Why does a subquery reduce the row estimate to 1?

sql-server sql-server-2016 add tag

Joe Obbish (imported from SE)

Consider the following contrived but simple query:

    SELECT 
      ID
    , CASE
    	WHEN ID <> 0 
    	THEN (SELECT TOP 1 ID FROM X_OTHER_TABLE) 
    	ELSE (SELECT TOP 1 ID FROM X_OTHER_TABLE_2) 
      END AS ID2
    FROM X_HEAP;

I would expect the final row estimate for this query to be equal to the number of rows in the `X_HEAP` table. Whatever I'm doing in the subquery shouldn't matter for the row estimate because it cannot filter out any rows. However, on SQL Server 2016 I see the row estimate reduced to 1 because of the subquery:

[![bad query][1]][1]

Why does this happen? What can I do about it?

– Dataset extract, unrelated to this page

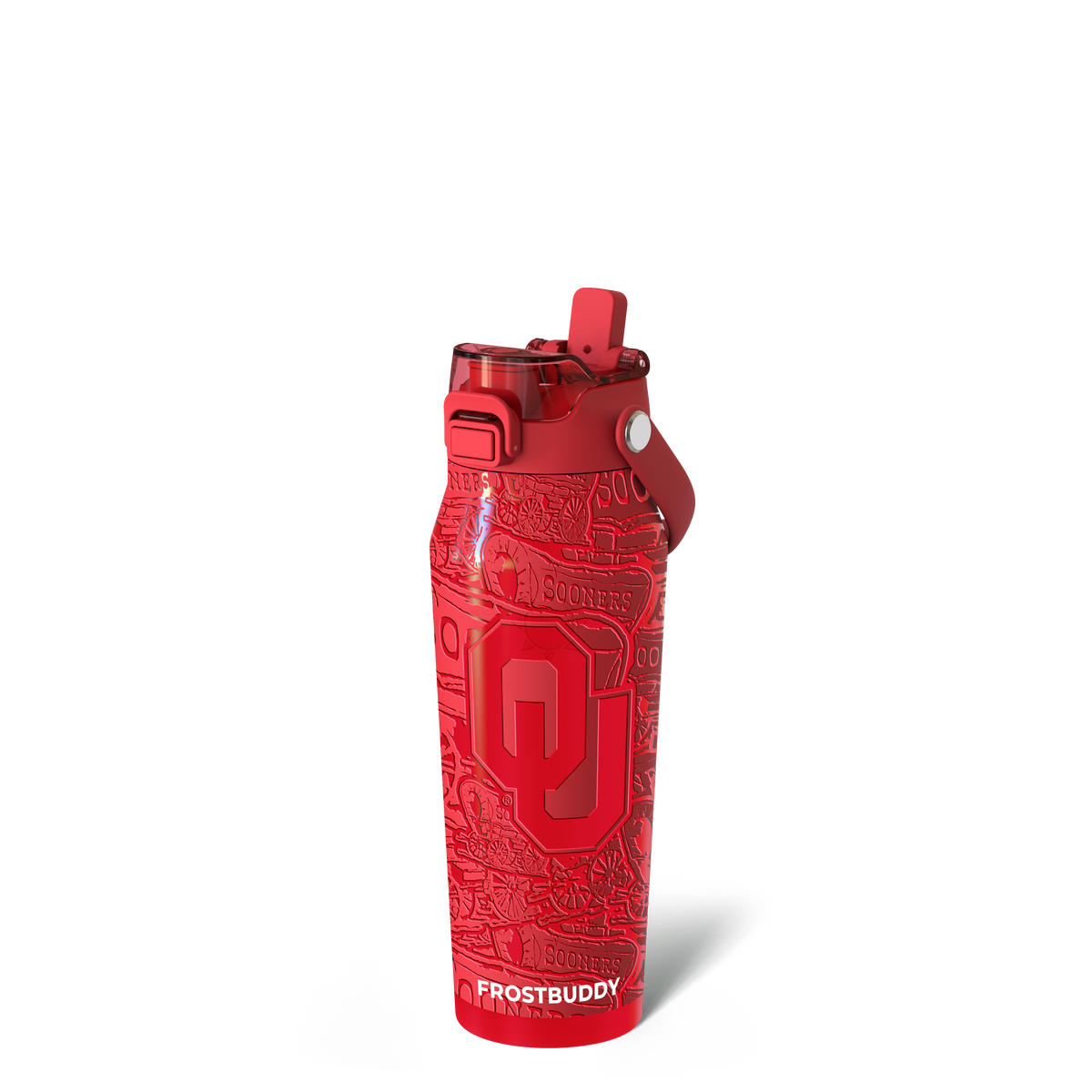 Bottle Buddy 24oz | Oklahoma Sooners | Color Rush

It's very easy to reproduce this issue with the right syntax. Here is one set of table definitions that will do it:

    CREATE TABLE dbo.X_HEAP (ID INT NOT NULL)
    CREATE TABLE dbo.X_OTHER_TABLE (ID INT NOT NULL);
    CREATE TABLE dbo.X_OTHER_TABLE_2 (ID INT NOT NULL);
    
    INSERT INTO dbo.X_HEAP WITH (TABLOCK)
    SELECT TOP (1000) ROW_NUMBER() OVER (ORDER BY (SELECT NULL))
    FROM master..spt_values;
    
    CREATE STATISTICS X_HEAP__ID ON X_HEAP (ID) WITH FULLSCAN;


db fiddle [link][2].


  [1]: https://i.stack.imgur.com/IU6jI.png
  [2]: http://dbfiddle.uk/?rdbms=sqlserver_2016&fiddle=7c1a04d76f8fec057545f72125f0ac90

Top Answer

Paul White (imported from SE)

## Summary

This cardinality estimation (CE) issue surfaces when:

1. The join is an **outer** join with a **pass-through** predicate
2. The **selectivity** of the pass-through predicate is estimated to be **exactly 1**.

Note: The particular calculator used to determine the selectivity is not important.

---

## Details

The CE computes the selectivity of the outer join as the **sum** of:

* The **inner join** selectivity with the same predicate
* The **anti join** selectivity with the same predicate

The only difference between an outer and inner join is that an outer join also returns rows that do not match on the join predicate. The anti join provides exactly this difference. Cardinality estimation for inner and anti join is easier than for outer join directly.

The join selectivity estimation process is very straightforward:

* First, the selectivity **S~PT~** of the pass-through predicate is assessed.  
 - This is done using whichever calculator is appropriate to the circumstances.  
 - The predicate is the whole thing, including any negating `IsFalseOrNull` component.
* Inner join selectivity := **1 - S~PT~**
* Anti join selectivity := **S~PT~**

The anti join represents rows that will 'pass through' the join. The inner join represents rows that will not 'pass through'. Note that 'pass through' means rows that flow through the join without running the inner side at all. To emphasise: all rows will be returned by the join, the distinction is between rows that run the inner side of the join before emerging, and those that do not.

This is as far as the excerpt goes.